Is Economic Growth Dead?

Economic growth is often taken for granted yet relied upon to improve our standard of living. But in recent years growth has stalled and has sent shock waves through the economy. What has happened and why?

Economic growth

Economic growth is a relatively recent phenomenon as it has only been a feature of the economy in the last few hundred years.

Before that most people had no experience of the economy and no expectation that such an entity would grow each year to improve their lives.

People lived simple lives based on day-to-day survival that often culminated in early death by their middle forties.

Most economic growth has happened in the last hundred years or so as technologies from railroads to electricity to the internet created year-on-year improvements.

Economic growth over the decades meant people worked fewer hours, lived in better houses, had better access to health care, and enjoyed more labour saving devices in the home: not to mention radio, television and film.

But economic growth has slowed or stalled around the world and without a flurry of major new inventions the economic growth we take for granted may not return.

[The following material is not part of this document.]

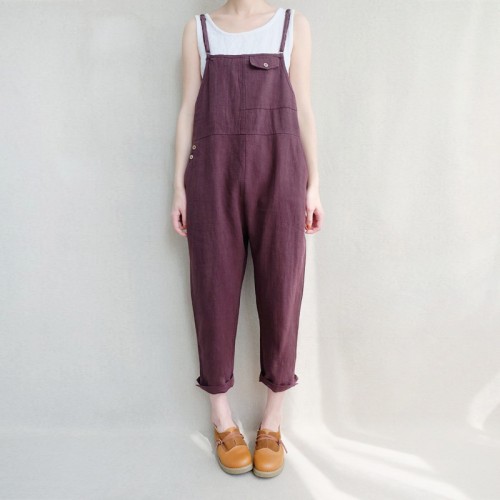 womens linen bib overalls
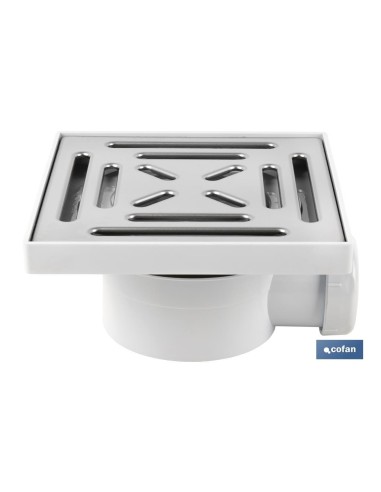 VÁLVULA SIFÓNICA SUMIDERO 146X146 MM CON SALIDA Ø32-40 MM Y TAPA ACERO INOX.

Without growth the inequality of recent years where the gap between rich and poor increases on an annual basis will get wider and create societal conflict.

Low or no growth

The spread of electricity and the more recent spread of computers has spurred tremendous economic growth but the question is what, if anything, will spark the next period of expansion.

The internet is often cited as the next big thing but it may take years before its full effects are felt and even then it’s difficult to predict whether it will create or destroy jobs.

Digital technology is heralded as the next great industrial revolution but there is a view that it is too narrowly focussed given its concentration on too few sectors.

But it is reasonable to predict that in a low growth economy inequality will increase because earnings from capital grow at a greater rate than wages thus further enriching the rich.

Barriers to growth such as falling educational standards, a population that is growing older, and increased levels of debt are also cited as challenges to growth.

The optimists, of course, argue that the digital revolution will boost the economy but there is increasing scepticism that it may restrict rather than accelerate growth.

The digital economy causes concern because it may reward people with the right skills while punish others through exclusion, which means many people who lose their jobs may never work again.

It is, of course, difficult to predict the outcome but there are rising concerns that the economy is shifting to a new and more divisive low growth norm.

SO, a traditional economy that grows in size each year for everyone’s benefit is vanishing and a more difficult period of low or no growth beckons.